Gli psicologi alle prese con l’infermiera accusata di aver ucciso 13 pazienti

«Dentro di sé, rifiutava quel lavoro». Per Fausta Bonino l’impegno pressante nel reparto di rianimazione era diventato un incubo interiore, insopportabile. Unica, tra chi lavorava tra quelle mura, ad essere presente cinque giorni la settimana. Tra le carte dell’accusa c’è anche un’analisi sui comportamenti dell’infermiera accusata di aver ucciso 13 pazienti con iniezioni sovradosate di eparina, letali. L’hanno stilata gli psicologi del Nas dei carabinieri, che hanno assistito ai tre interrogatori cui la donna è stata sottoposta negli ultimi mesi, prima che la sua posizione cambiasse: non più una semplice testimone, ma indagata e arrestata. Una disamina che non analizza solo le sue risposte, ma anche gli atteggiamenti, i gesti con le mani mentre rispondeva alle domande. Insomma, un’analisi di quella «sofferenza psicologica riconducibile alle pregresse psicopatologie» di cui parla anche l’ordinanza che l’ha portata in carcere. Non solo, come ora spiega l’avvocato Cesarina Barghini, «episodi di moltissimo tempo fa, completamente superati». Non solo, come ha chiarito il marito Renato, «qualche pillola per tirarsi su, come capita quasi a tutti». C’è un quadro più complicato, dicono gli esperti. Sicuramente aggravato anche dalle condizioni del lavoro, che era diventato nel tempo sempre più difficile. «Il carico era aumentato anche in maniera smisurata», spiega agli inquirenti la coordinatrice delle infermiere, e c’erano molti problemi anche con i medici, impegnati in altre mansioni: con il risultato che erano gli infermieri, spiega il gip, al pomeriggio dovevano farsi carico da soli dei pazienti. In questo quadro si sarebbe così manifestato il «disagio» dell’infermiera killer.
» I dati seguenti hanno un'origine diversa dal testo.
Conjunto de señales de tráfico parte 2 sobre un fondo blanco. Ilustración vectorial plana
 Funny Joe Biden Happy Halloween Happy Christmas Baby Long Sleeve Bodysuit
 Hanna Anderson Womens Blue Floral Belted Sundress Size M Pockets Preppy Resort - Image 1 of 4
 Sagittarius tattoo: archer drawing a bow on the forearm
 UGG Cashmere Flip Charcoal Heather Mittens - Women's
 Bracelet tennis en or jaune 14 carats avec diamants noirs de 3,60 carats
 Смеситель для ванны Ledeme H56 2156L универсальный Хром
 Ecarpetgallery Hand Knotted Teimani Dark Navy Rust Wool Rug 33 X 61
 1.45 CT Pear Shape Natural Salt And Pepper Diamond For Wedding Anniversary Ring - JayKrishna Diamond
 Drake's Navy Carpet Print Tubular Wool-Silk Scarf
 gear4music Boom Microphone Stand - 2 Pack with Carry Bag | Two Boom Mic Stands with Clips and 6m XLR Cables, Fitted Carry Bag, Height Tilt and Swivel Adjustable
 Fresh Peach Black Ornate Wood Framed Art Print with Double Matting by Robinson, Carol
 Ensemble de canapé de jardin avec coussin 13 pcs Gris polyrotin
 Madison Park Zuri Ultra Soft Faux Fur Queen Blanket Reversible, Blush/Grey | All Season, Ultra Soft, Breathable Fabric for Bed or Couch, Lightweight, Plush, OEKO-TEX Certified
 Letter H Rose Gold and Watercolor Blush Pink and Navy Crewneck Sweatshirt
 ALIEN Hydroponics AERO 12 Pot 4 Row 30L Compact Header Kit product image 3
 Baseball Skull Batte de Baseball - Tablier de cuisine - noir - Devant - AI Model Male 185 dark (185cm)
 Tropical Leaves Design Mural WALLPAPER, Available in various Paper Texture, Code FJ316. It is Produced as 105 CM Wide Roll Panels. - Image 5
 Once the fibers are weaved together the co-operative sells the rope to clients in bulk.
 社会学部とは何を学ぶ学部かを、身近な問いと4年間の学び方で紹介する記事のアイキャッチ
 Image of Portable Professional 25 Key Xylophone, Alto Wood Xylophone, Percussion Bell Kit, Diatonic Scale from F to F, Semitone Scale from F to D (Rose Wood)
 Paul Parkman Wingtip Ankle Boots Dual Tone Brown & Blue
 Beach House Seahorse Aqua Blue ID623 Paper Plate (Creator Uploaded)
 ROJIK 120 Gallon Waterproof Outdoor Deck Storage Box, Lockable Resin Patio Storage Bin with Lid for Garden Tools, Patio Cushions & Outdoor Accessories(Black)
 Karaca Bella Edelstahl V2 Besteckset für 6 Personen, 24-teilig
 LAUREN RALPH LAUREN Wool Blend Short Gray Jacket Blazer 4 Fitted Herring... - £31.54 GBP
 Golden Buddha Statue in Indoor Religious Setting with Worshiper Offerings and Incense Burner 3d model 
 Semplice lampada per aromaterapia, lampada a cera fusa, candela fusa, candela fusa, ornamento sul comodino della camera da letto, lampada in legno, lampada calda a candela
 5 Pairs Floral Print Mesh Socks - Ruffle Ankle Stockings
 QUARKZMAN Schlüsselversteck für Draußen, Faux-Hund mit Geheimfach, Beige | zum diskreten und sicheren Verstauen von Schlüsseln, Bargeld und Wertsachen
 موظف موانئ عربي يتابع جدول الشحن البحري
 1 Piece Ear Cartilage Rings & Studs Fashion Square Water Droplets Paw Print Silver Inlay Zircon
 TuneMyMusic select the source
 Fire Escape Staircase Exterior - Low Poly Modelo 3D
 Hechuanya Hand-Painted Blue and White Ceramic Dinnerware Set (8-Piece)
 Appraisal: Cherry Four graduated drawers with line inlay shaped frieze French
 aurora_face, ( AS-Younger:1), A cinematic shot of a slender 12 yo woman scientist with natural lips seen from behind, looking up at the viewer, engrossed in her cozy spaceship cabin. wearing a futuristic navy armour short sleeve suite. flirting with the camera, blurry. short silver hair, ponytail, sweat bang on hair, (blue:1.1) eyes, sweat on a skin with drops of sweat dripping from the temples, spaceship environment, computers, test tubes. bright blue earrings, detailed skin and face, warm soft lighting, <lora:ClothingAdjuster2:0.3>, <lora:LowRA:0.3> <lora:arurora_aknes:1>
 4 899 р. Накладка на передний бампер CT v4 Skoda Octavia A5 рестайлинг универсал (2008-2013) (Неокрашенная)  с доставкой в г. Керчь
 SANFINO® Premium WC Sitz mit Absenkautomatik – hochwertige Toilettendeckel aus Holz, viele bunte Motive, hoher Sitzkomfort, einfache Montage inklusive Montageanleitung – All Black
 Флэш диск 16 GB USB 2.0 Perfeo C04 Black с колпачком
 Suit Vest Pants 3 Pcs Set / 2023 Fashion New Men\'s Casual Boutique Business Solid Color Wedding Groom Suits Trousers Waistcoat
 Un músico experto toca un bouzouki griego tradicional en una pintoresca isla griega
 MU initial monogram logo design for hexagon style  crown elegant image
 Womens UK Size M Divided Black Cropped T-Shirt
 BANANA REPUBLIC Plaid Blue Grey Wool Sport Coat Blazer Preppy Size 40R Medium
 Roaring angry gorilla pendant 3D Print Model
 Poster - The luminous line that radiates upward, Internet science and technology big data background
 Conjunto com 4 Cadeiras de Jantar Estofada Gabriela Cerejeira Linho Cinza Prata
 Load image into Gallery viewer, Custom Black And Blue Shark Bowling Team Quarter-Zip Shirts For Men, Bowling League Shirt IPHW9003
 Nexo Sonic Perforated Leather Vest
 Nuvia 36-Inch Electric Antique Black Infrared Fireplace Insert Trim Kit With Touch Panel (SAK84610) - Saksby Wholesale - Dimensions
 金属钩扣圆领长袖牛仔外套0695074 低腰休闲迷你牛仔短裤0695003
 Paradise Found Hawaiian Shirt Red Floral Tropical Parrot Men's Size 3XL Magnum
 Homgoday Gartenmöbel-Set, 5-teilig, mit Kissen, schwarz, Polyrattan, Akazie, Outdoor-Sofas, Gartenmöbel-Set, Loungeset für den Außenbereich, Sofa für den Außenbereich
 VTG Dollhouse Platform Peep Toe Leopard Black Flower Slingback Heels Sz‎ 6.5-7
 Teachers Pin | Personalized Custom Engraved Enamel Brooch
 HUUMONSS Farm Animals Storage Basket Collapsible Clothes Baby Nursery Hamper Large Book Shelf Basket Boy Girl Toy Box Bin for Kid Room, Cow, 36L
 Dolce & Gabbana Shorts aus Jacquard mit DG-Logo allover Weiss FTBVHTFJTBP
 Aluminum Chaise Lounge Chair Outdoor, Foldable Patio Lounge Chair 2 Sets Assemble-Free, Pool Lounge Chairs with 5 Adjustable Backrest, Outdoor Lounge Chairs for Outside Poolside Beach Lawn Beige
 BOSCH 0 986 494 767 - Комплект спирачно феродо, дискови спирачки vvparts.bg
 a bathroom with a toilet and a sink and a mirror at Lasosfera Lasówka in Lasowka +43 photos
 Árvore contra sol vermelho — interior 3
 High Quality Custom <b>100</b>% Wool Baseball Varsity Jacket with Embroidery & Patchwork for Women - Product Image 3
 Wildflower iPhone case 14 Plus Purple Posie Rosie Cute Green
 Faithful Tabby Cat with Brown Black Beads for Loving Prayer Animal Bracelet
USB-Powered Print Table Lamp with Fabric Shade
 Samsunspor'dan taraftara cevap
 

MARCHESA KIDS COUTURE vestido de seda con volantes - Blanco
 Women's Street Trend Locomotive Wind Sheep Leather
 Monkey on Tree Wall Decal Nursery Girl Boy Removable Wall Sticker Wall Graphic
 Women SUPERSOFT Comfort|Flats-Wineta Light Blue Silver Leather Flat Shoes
Lei però non ci sta. Dal carcere rivendica la sua innocenza: «Sono un capro espiatorio per tutte quelle morti alle quali non sono riusciti a dare una spiegazione. Io non ho fatto nulla». L’avvocato Barghini parte lancia in resta: «Ci sono solo due episodi di morti da somministrazione da eparina che sono stati analizzati ed è veramente troppo poco per incrociarli con la presenza della Bonino in reparto. Non sono autopsie, non sono stati eseguiti con le garanzie per la difesa. In tutti gli altri casi, sono semplici deduzioni dalle cartelle cliniche e nulla di più». Insiste il legale: «È veramente troppo poco quello che emerge dalle carte dell’inchiesta per dare della pluriomicida a un’infermiera sulla quale non ha mai gravato alcun sospetto. Ma ammettiamo pure che esista un killer in corsia: a nessuno è venuto in mente che sia ancora in libertà, pronto a tornare in azione quando le acque si saranno calmate?».
Ne passerà, di tempo. Perché al comprensibile choc dei parenti delle 13 vittime individuate dall’inchiesta, ora si aggiungono tanti altri dubbi. Decine le famiglie che si sono rivolte agli studi legali, perché vogliono vederci chiaro in quelle che all’epoca sono apparse morti repentine e inspiegabili. Perplessità espresse nelle parole di Massimo, il cui padre è morto a 77 anni in reparto nel marzo 2014: «Ci hanno detto che a ucciderlo è stato il dissanguamento per un vaso rotto, ma in realtà non si è mai capito cosa sia accaduto. Ora voglio sapere se quel giorno, in servizio, c’era quell’infermiera».